_Exercise data_:
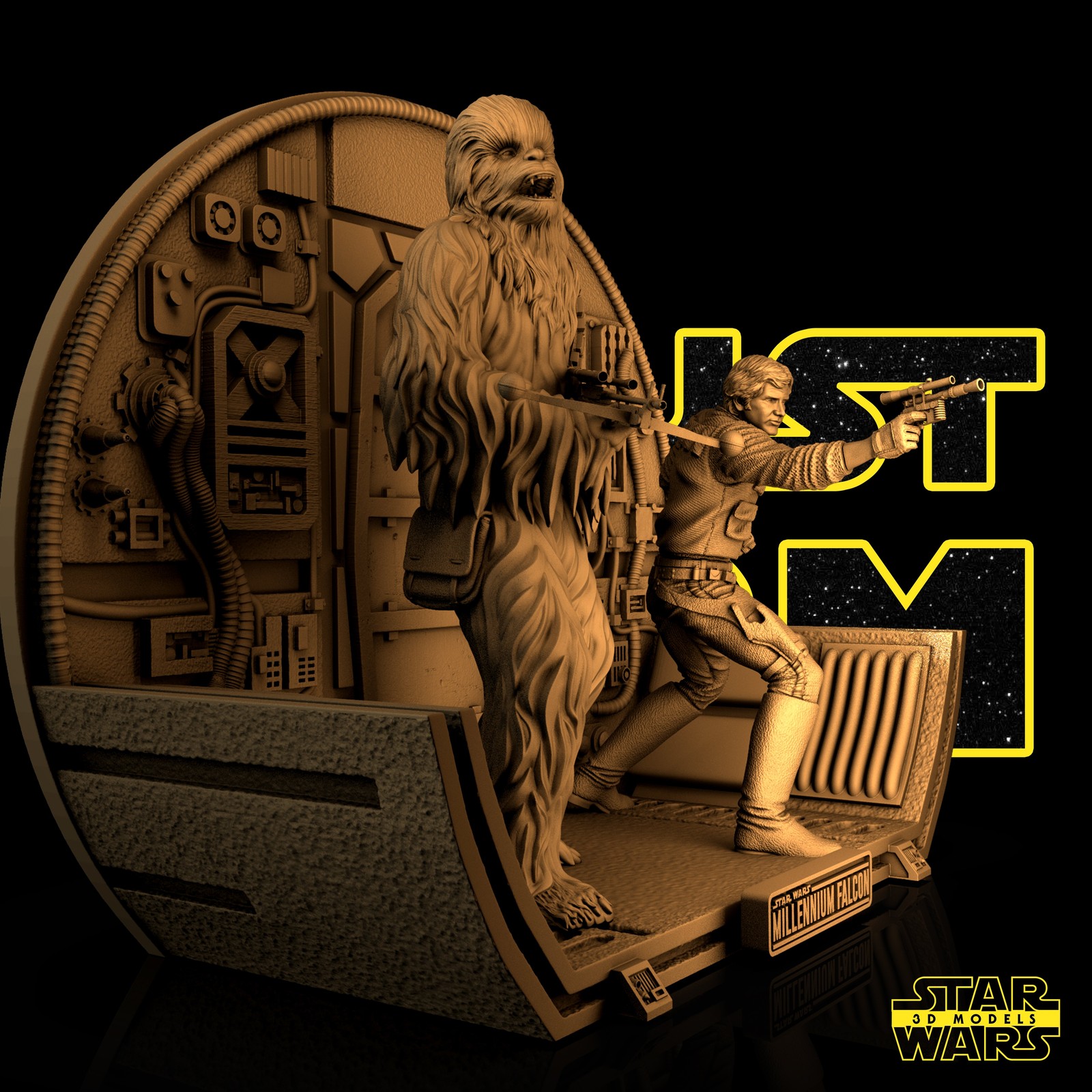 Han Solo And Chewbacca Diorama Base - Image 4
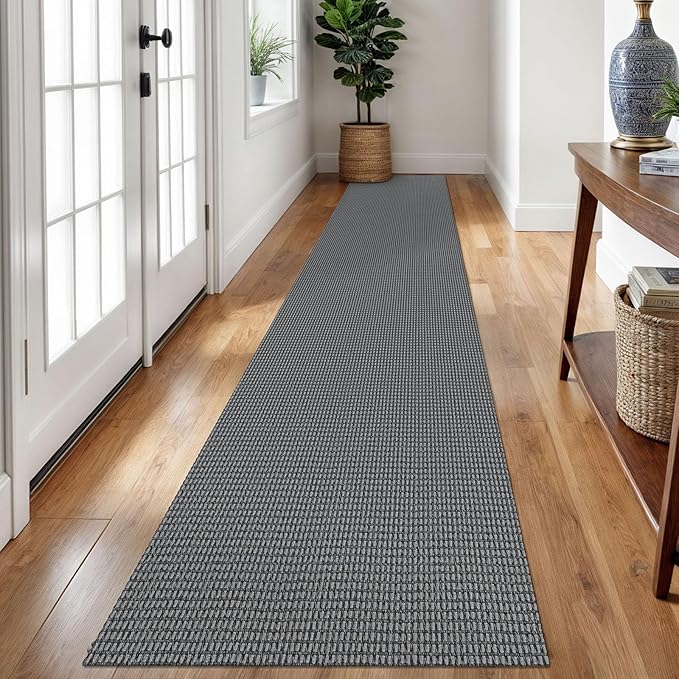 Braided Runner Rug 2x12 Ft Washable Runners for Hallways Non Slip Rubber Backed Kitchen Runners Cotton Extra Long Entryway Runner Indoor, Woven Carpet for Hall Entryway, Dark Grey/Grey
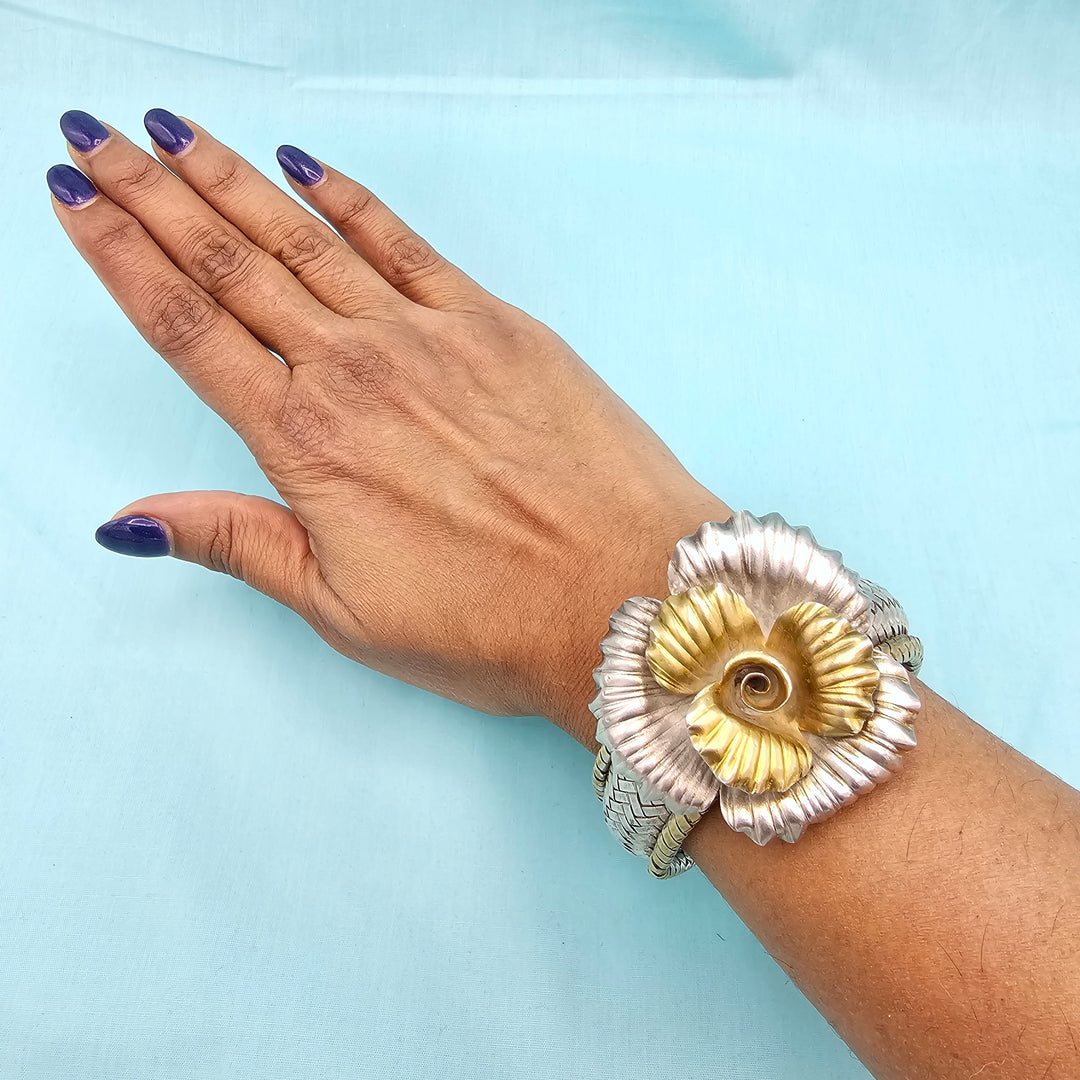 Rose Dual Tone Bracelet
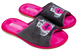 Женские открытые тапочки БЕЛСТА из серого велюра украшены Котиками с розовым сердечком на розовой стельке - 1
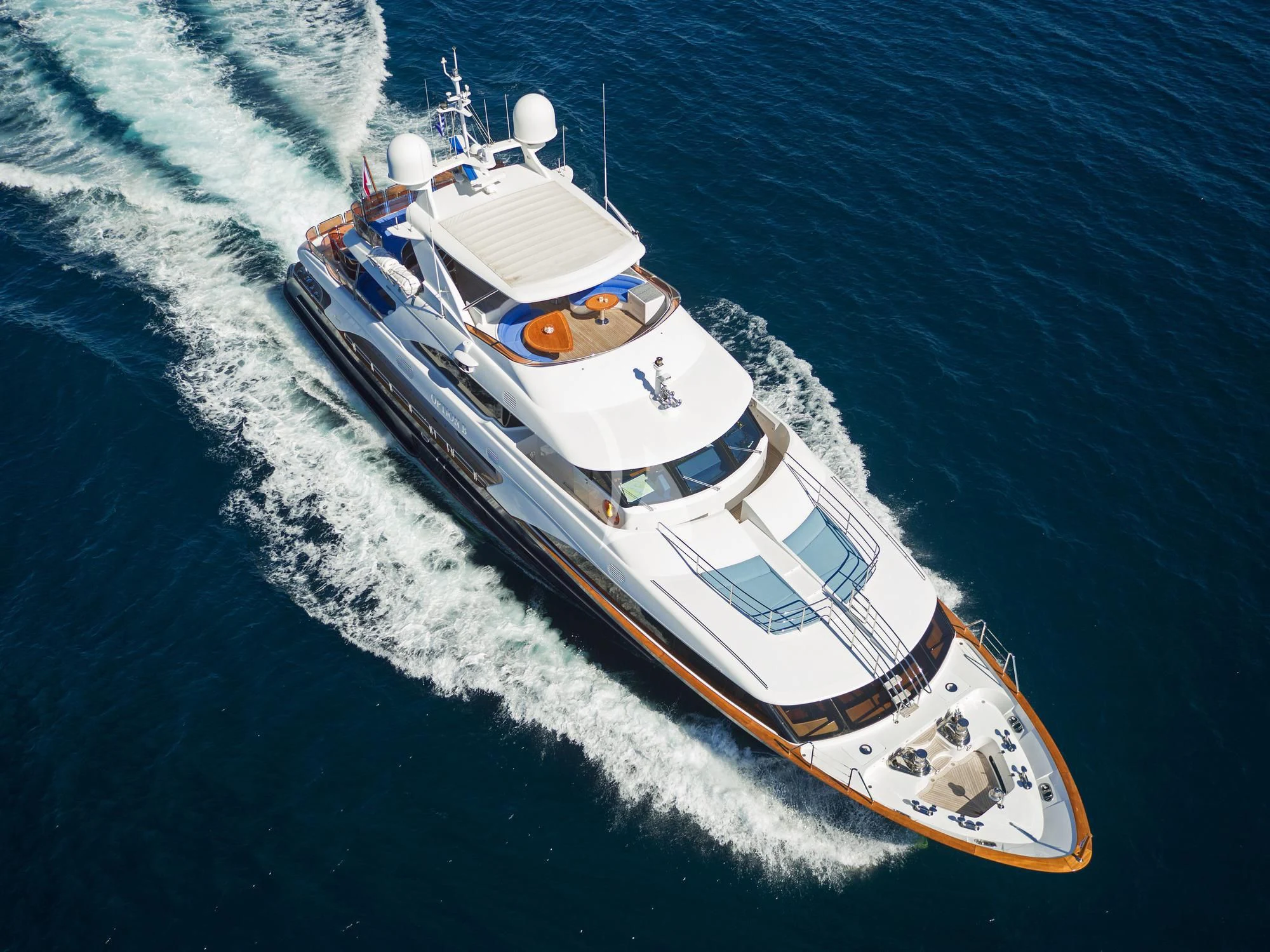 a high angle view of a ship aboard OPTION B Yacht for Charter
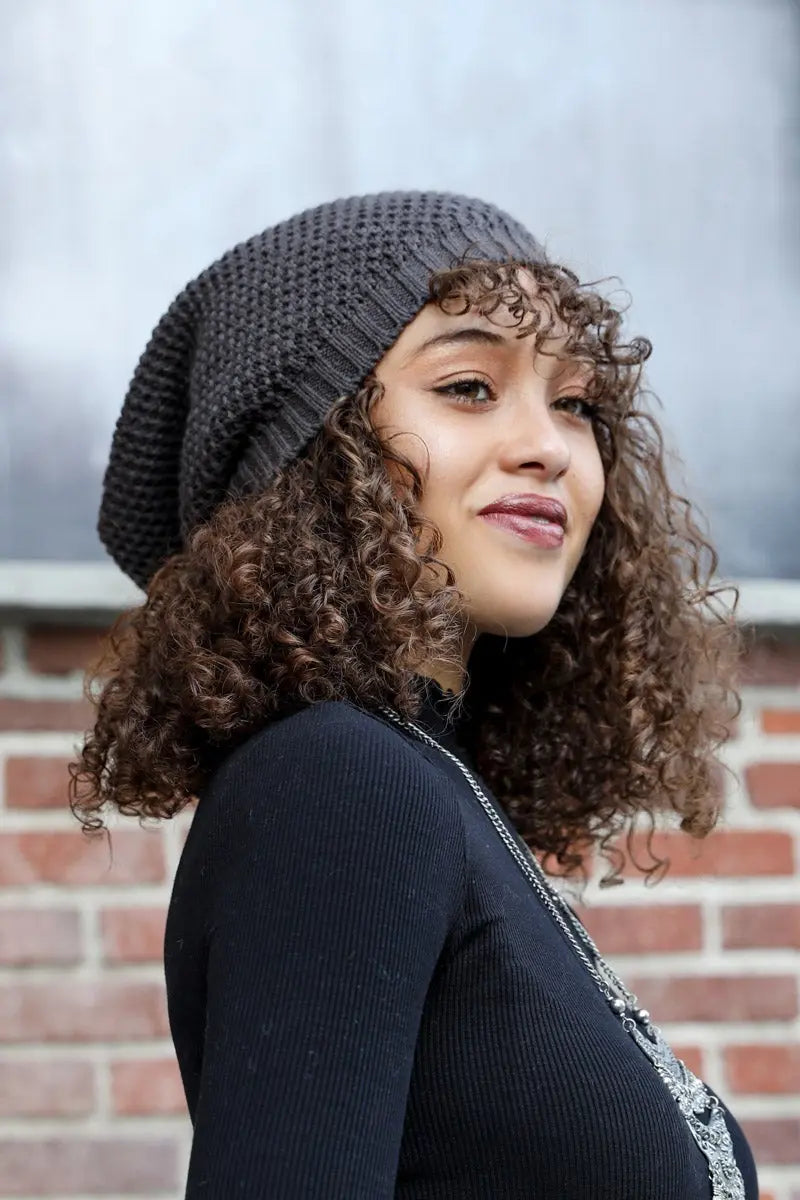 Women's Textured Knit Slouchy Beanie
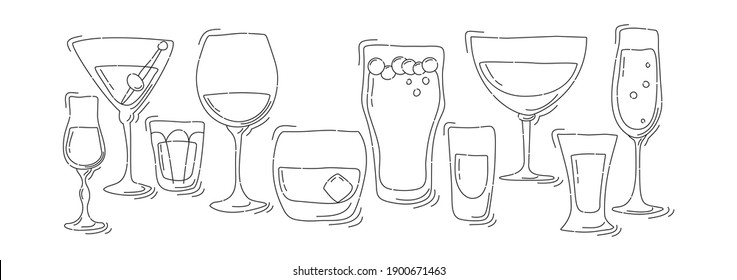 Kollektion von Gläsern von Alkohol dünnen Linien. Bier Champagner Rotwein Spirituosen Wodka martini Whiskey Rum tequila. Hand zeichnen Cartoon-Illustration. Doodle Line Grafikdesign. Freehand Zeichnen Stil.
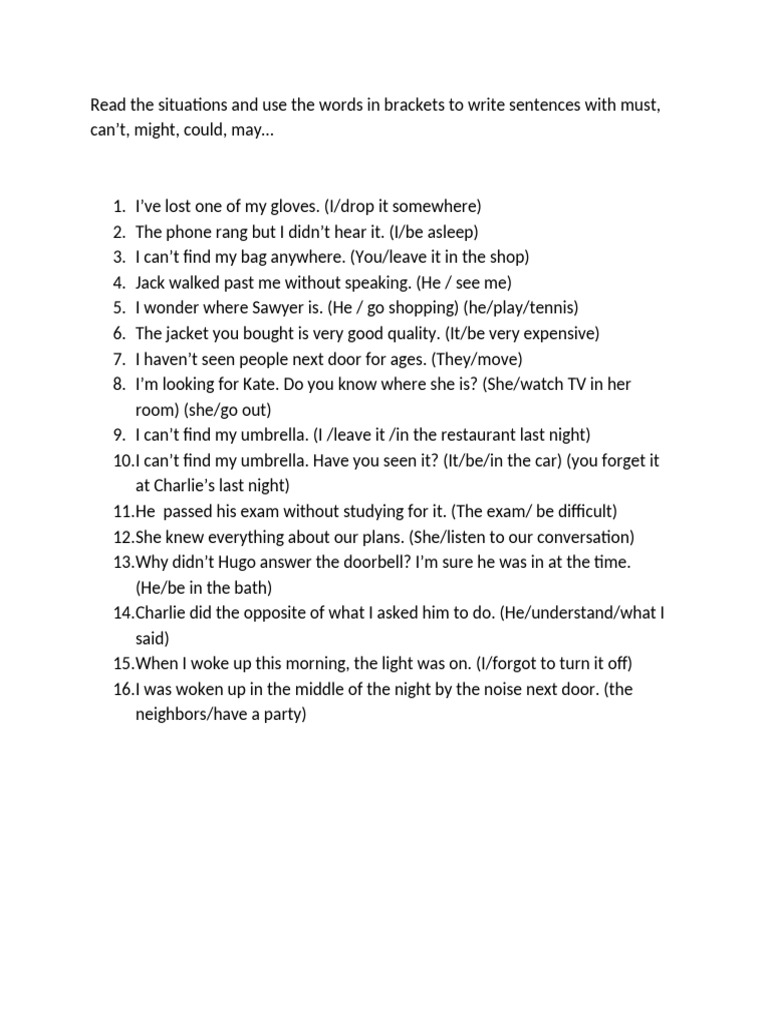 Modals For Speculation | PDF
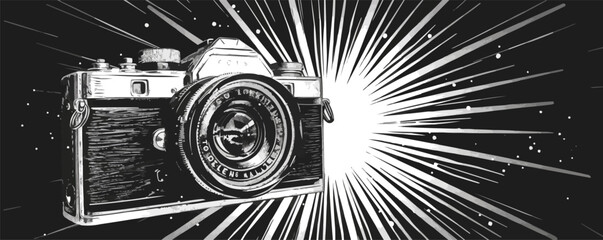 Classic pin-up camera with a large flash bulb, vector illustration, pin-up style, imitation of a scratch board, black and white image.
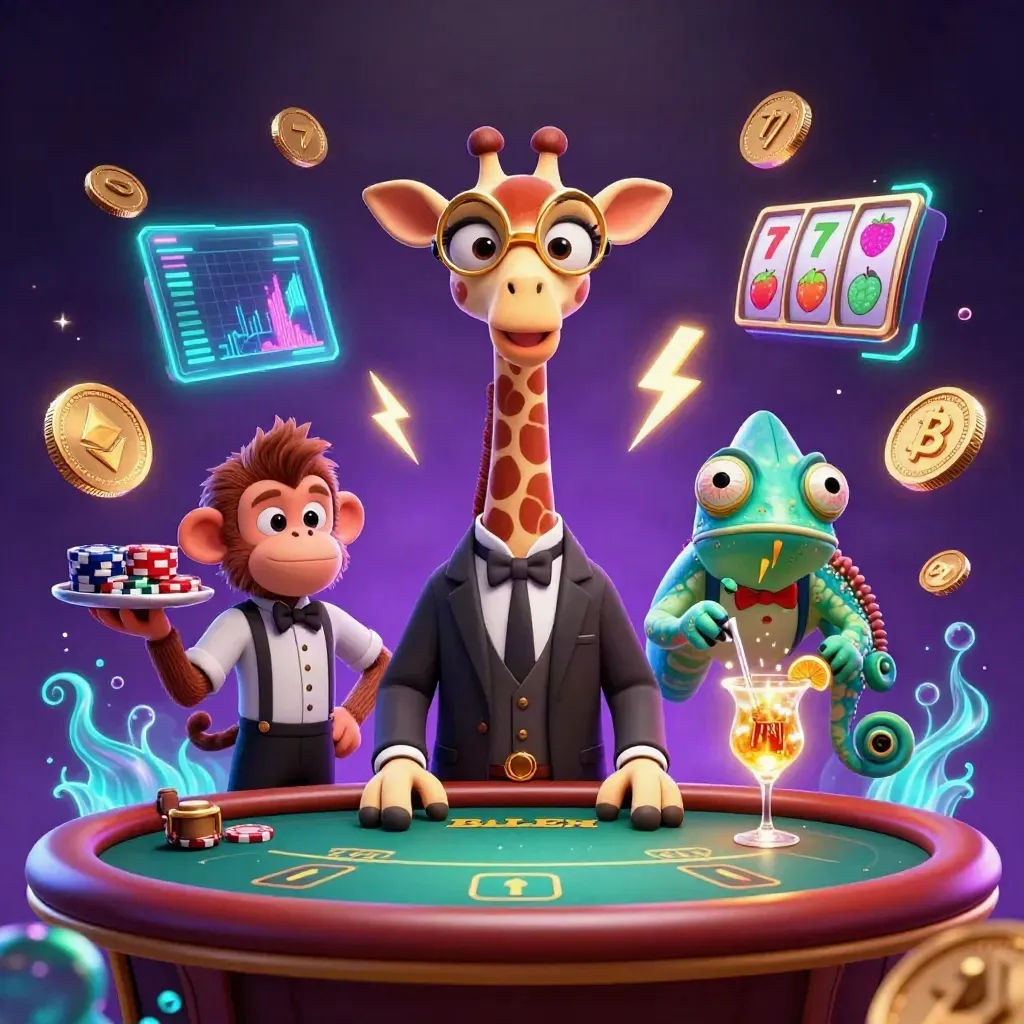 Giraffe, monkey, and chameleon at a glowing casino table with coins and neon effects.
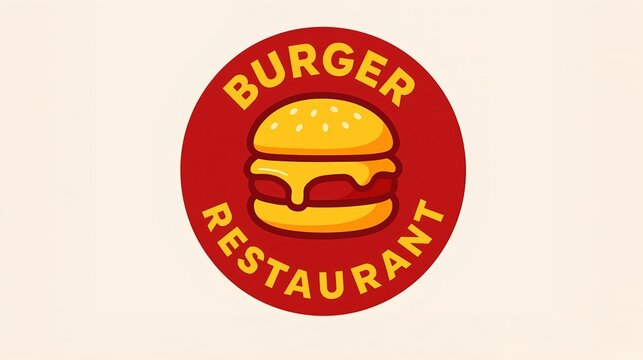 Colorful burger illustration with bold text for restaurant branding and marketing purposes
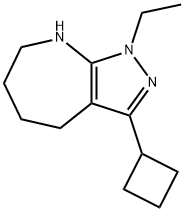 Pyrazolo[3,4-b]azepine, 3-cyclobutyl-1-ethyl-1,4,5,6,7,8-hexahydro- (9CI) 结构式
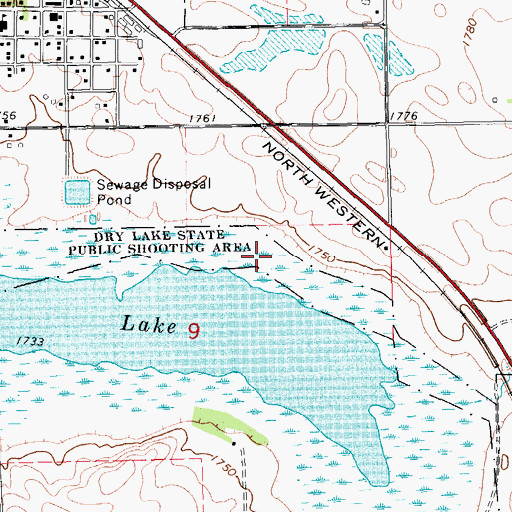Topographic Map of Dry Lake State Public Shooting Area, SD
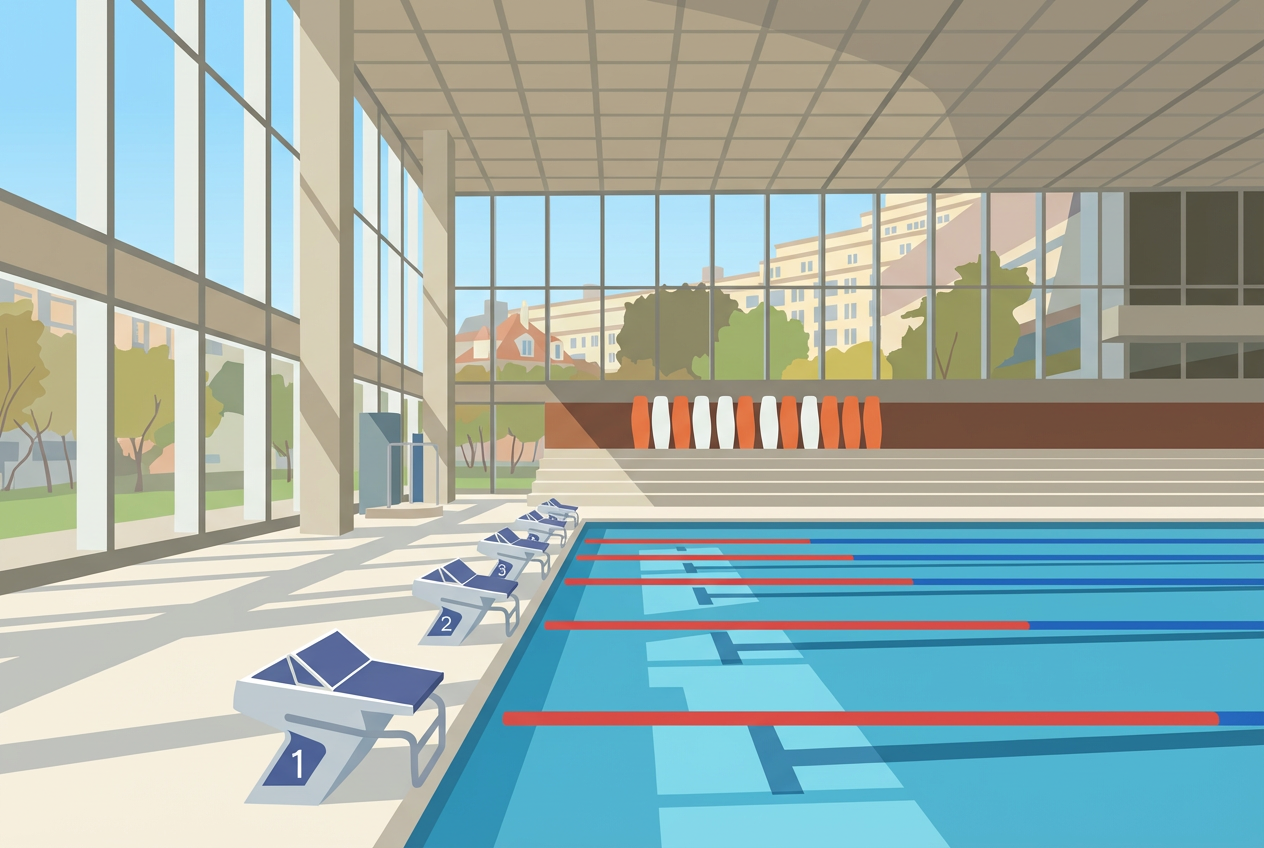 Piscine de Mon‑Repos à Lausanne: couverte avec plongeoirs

_Your objective_:
An exact retyping of each record, with no pictures, is the answer required.

_Solution to the exercise_:
 Han Solo And Chewbacca Diorama Base - Image 4
 Braided Runner Rug 2x12 Ft Washable Runners for Hallways Non Slip Rubber Backed Kitchen Runners Cotton Extra Long Entryway Runner Indoor, Woven Carpet for Hall Entryway, Dark Grey/Grey
 Rose Dual Tone Bracelet
 Женские открытые тапочки БЕЛСТА из серого велюра украшены Котиками с розовым сердечком на розовой стельке - 1
 a high angle view of a ship aboard OPTION B Yacht for Charter
 Women's Textured Knit Slouchy Beanie
 Kollektion von Gläsern von Alkohol dünnen Linien. Bier Champagner Rotwein Spirituosen Wodka martini Whiskey Rum tequila. Hand zeichnen Cartoon-Illustration. Doodle Line Grafikdesign. Freehand Zeichnen Stil.
 Modals For Speculation | PDF
 Classic pin-up camera with a large flash bulb, vector illustration, pin-up style, imitation of a scratch board, black and white image.
 Giraffe, monkey, and chameleon at a glowing casino table with coins and neon effects.
 Colorful burger illustration with bold text for restaurant branding and marketing purposes
 Pyrazolo[3,4-b]azepine, 3-cyclobutyl-1-ethyl-1,4,5,6,7,8-hexahydro- (9CI) 结构式
Topographic Map of Dry Lake State Public Shooting Area, SD
 Piscine de Mon‑Repos à Lausanne: couverte avec plongeoirs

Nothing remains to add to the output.